I feel I should give a little background about the Abingdon Fair.
The small market town where I live is called Abingdon and is about 7 miles
outside Oxford.
The annual fair in Abingdon is called the 'Runaways fair'.
The fair started in the 17th century and was a place where labourers got a
job for the following year (usually on a farm). The whole of Abingdon town
centre is turned in to a fair ground, all of the roads are shut (Creats havoc
for the traffic) This is from Sunday to Tuesday, the fair just disappears in
to the night on Tuesday. The interesting part is that it comes back on
Saturday. This is the only fair to do this. The idea is that if the labourer
did not like his new employer, he would 'runaway' back to the fair on
Saturday and try and find a new job. The tradition still carries on.

My comments are in [ ].

-------------------------------------------------------------------------
THE MOST FUN YOU CAN HAVE WITH YOUR CLOTHES STILL ON

Have you ever found that the times you enjoy yourself most are those
snatched moments of fleeting pleasure, when either there are really
more worthy things you should be doing or when you should really be
attending to the universe that is inconveniently collapsing about
you ....but you just can't make the effort any more!

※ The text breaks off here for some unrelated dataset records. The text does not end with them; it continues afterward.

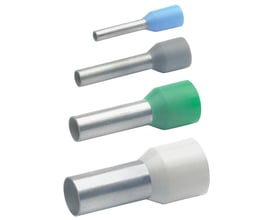 Klauke isolerede terminalrør i fire forskellige farver (blå, grå, grøn, hvid) til 1.5 mm² ledere, DIN 46228 del 4 standard.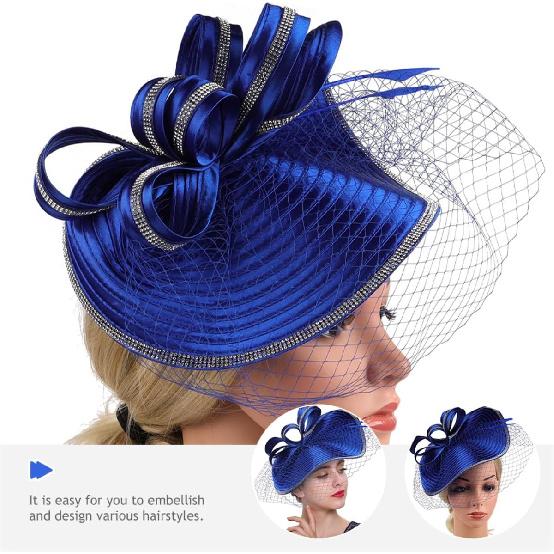 Women’s Fascinator Tea Party Hat Blue Sinamay Headband Cocktail Wedding Veil Elegant Special Occasion Accessory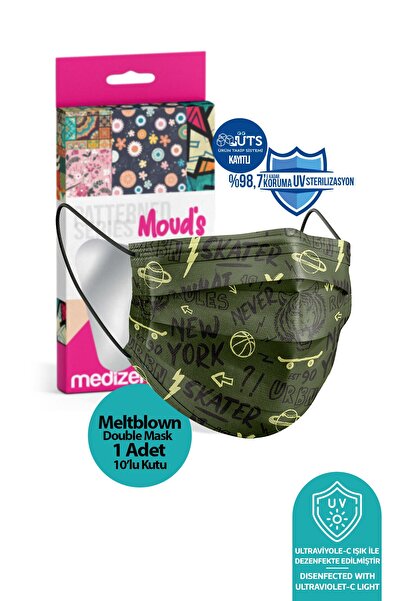 Medizer Urban Desenli Meltblown Ultrasonik 3 Katlı Cerrahi Maske 10'lu 1 Kutu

It was in just such circumstances that I recently yielded to
temptation. Though I have been working in the area for four years,
I have always missed the two large local funfairs, based at Abingdon
and Oxford, which take place every year. Finally, this year having
missed the Oxford one yet again I succumbed when 'our Martin'
proposed an excursion to the Abingdon Fair.

Quite objectively, a fairground is one of the most commonly
accessible "faggy" experiences: coloured lights; pulsating throwaway
pop music, cheap emotions coupled with thrills of the senses. Where
else would you see the juxtaposition of the roughness of the
"roustabout" and the fluffy-pink concocted fagginess of Candy Floss
( U.S. Cotton Candy)?
[ You also forgot to mention the wonderful hunky guys who
run the rides, usually covered in oil]

Martin and I sauntered about wondering which rides to sample. Some,
though they look undoubtably spectacular, merely impart an waring
constant force in one direction. In others, the slow rhythm of the
ride is at the correct frequency to induce sea-sickness and so is
ultimately unthrilling. We traipsed around, in such a knowledgeable
vein, almost but not quite tempted by a number of rides. We
postponed our decision until a greater selection had been surveyed.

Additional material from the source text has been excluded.